_Supplied data_
++++++++++++++++++++
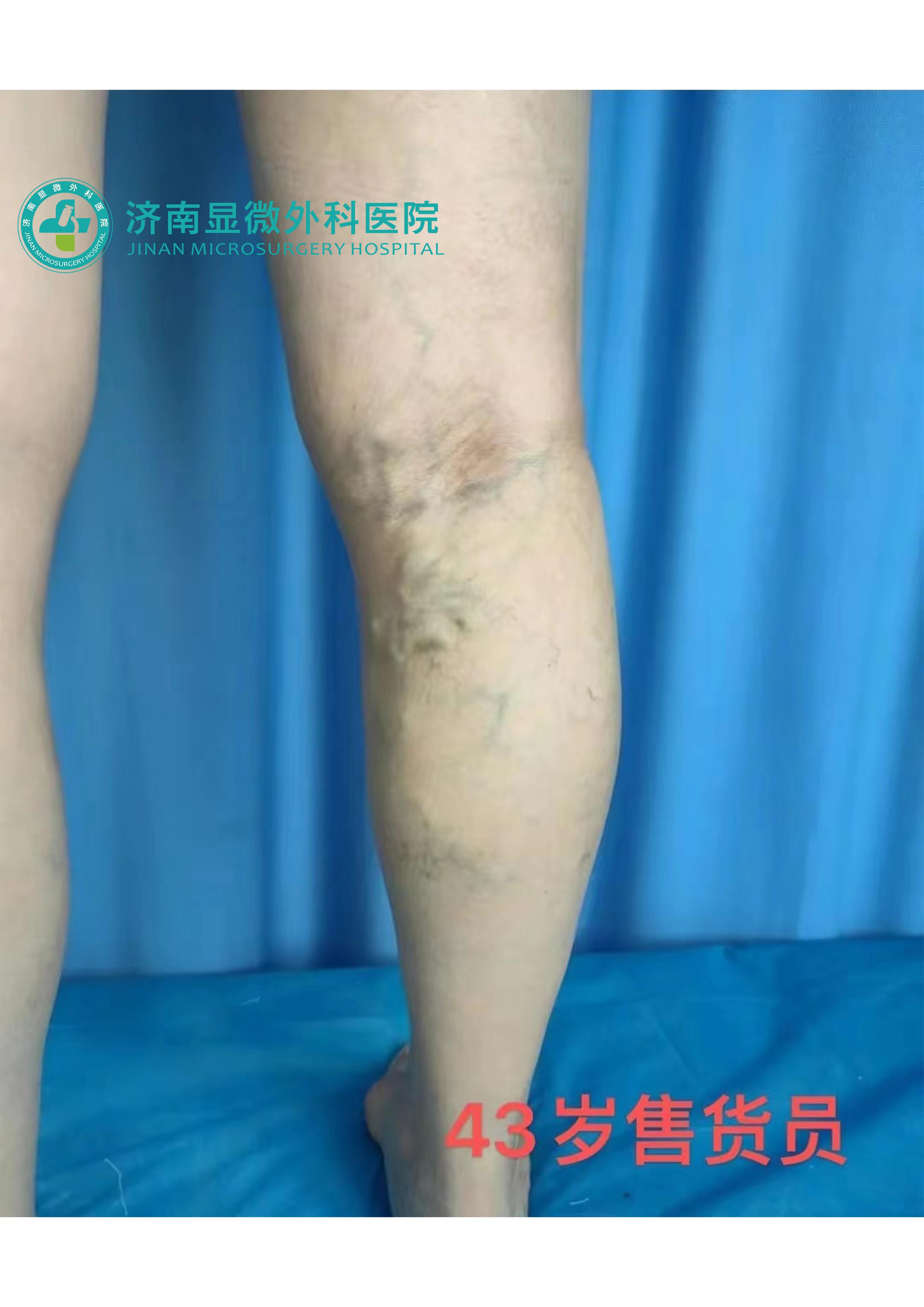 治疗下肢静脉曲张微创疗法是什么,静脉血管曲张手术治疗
++++++++++++++++++++
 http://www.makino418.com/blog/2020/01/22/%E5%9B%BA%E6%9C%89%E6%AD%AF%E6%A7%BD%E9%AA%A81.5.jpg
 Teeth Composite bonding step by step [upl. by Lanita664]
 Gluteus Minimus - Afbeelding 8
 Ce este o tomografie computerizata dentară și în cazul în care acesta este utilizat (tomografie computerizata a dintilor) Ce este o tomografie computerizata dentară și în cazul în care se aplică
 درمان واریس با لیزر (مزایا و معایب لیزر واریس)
++++++++++++++++++++
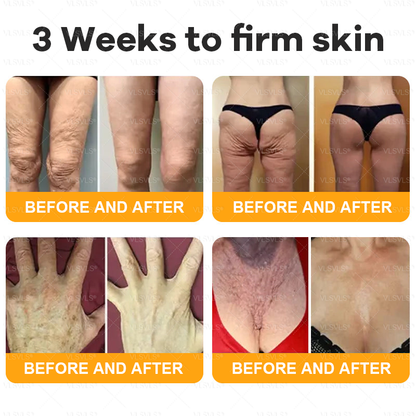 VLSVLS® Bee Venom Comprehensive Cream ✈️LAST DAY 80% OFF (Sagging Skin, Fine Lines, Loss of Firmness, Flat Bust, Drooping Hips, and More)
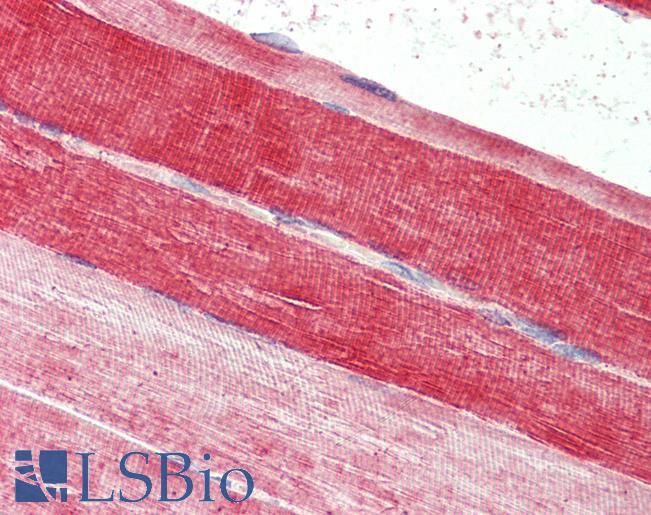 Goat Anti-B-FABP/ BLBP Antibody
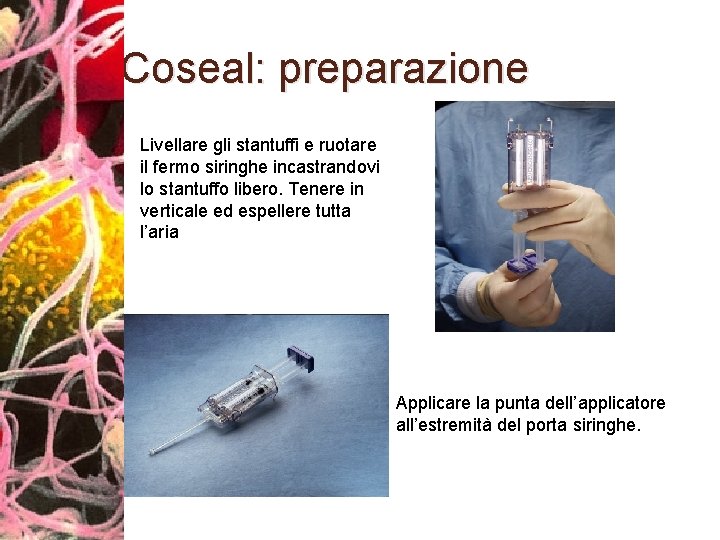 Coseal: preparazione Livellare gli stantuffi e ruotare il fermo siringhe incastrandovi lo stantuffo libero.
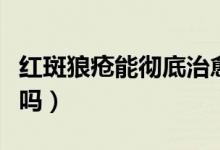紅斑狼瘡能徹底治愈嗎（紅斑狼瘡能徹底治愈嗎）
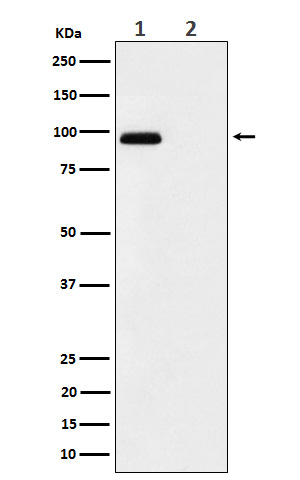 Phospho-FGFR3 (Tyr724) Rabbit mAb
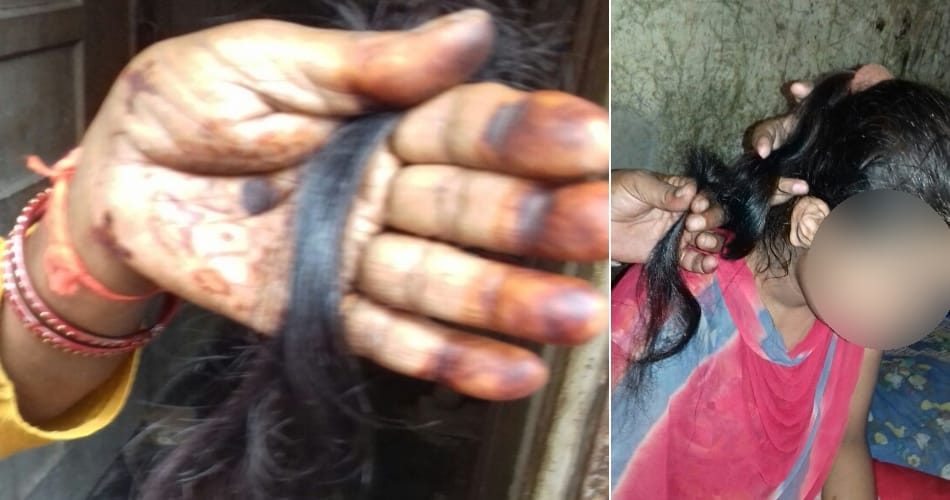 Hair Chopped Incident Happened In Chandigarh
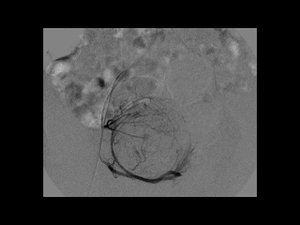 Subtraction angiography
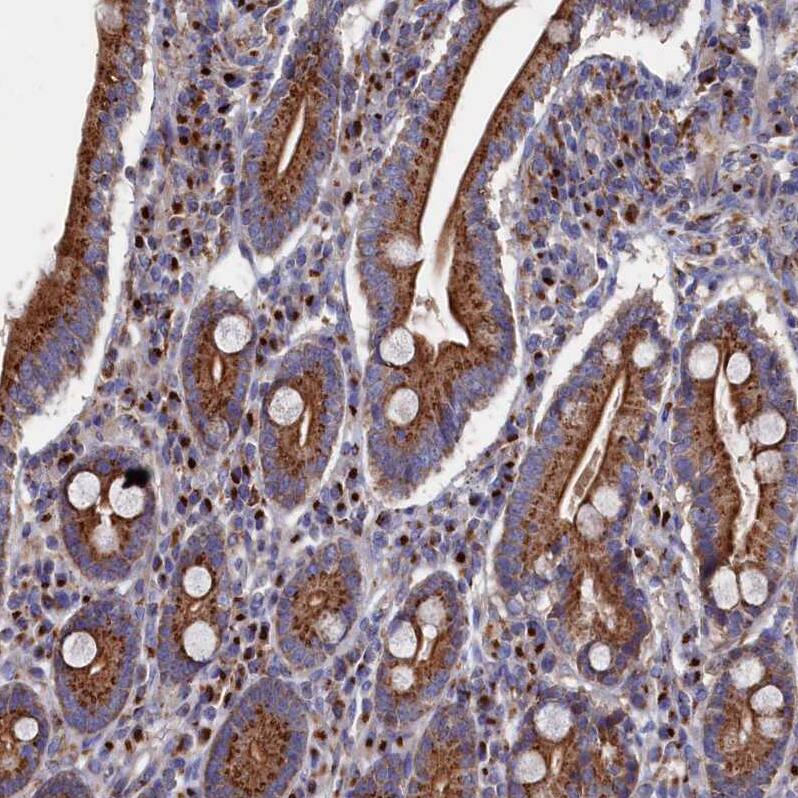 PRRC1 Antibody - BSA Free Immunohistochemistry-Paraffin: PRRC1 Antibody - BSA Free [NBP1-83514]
++++++++++++++++++++
_Task_
Look back at the data above, then output exactly the lines from the line holding "Phospho-FGFR3 (Tyr724) Rabbit mAb" up to and including the line holding "PRRC1 Antibody - BSA Free Immunohistochemistry-Paraffin: PRRC1". Leave out the pictures.

_Answer area_
 Phospho-FGFR3 (Tyr724) Rabbit mAb
 Hair Chopped Incident Happened In Chandigarh
 Subtraction angiography
 PRRC1 Antibody - BSA Free Immunohistochemistry-Paraffin: PRRC1 Antibody - BSA Free [NBP1-83514]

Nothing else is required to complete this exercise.